In a magnetic disk device for conducting signal recording and reproducing relative to a magnetic disk, an induction magnetic head is commonly used for both signal recording and signal reproducing. For such a system, error relief is provided with a re-try operation executed when a disk controller (hereinafter referred to as "DKC") determines that a read error has occurred; the re-try operation involves again reading the same portion of the disk repeatedly until the read error is not detected or until a predetermined number of re-tries has been completed. Re-try relief also involves an offset operation, wherein the DKC upon detecting a read error will instruct a positioning circuit to change the positioning of the read head relative to the data track in a direction transverse to the data track. That is, upon receipt of the offset operation instruction from the disk controller, the positioning circuit controls a positioning mechanism to repeat the offset operation (an operation of slightly displacing the head inward or outward in a track-width direction) until a read margin is maximum (the read margin is maximum when the reproduced output is maximum and the read error is minimum).

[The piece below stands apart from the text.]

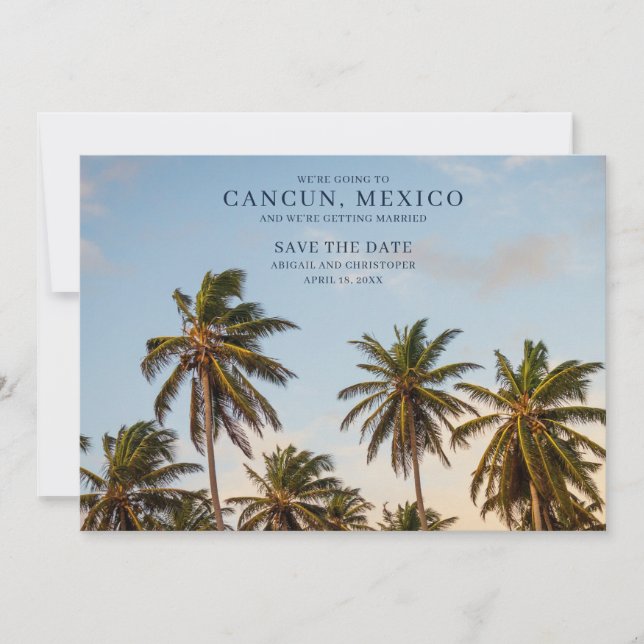 Cancun Mexico Palm Tree Beach Save the Dates Announcement (Front)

If the read error cannot be relieved even after using the above re-try operation and offset operation, because of the wiggle phenomenon, the following operation would be conducted. The following operation is based upon a recognition that the wiggle phenomenon occurring in the reproduced wave form is dependent upon the magnetic domain structure of the magnetic head at the time when the write-in operation is conducted. The error relief operation then induces a magnetic flux in the magnetic film of the magnetic head by conducting a predetermined write-in operation. The magnetic flux thus induced varies the unstable state of the magnetic domain structure to a stable state.
The above prior art is effectively used to prevent the wiggle phenomenon from occurring when conducting reading with the induction type of magnetic head, which induction type of magnetic head is commonly used for both signal recording and reproducing in the device. However, for a magnetic disk device in which an induction type of magnetic recording head is used for the recording operation and a magneto-resistance effect type of head (MR head) is used for the reproducing operation, the above mentioned prior art read error relief operation is not effective to a sufficient degree, because the signal recording head and the signal reproducing head are different from each other.
The reproducing operation using the magneto-resistance effect type of head will now be described. Ordinarily, the head magnetic film having the magneto-resistance effect (MR film) conducts its magnetization rotation or crystalline phase change smoothly in accordance with the magnetic field occurring from the magnetic orientation found on the data track of the magnetic disk that is adjacent the head, which causes the electrical resistance of the head magnetic film to be varied corresponding to the variation of the magnetic field produced by the relatively moving data track. The variation of the electrical resistance of the head magnetic film as described above is detected as a voltage variation by supplying a DC read current (bias current) to the magnetic film.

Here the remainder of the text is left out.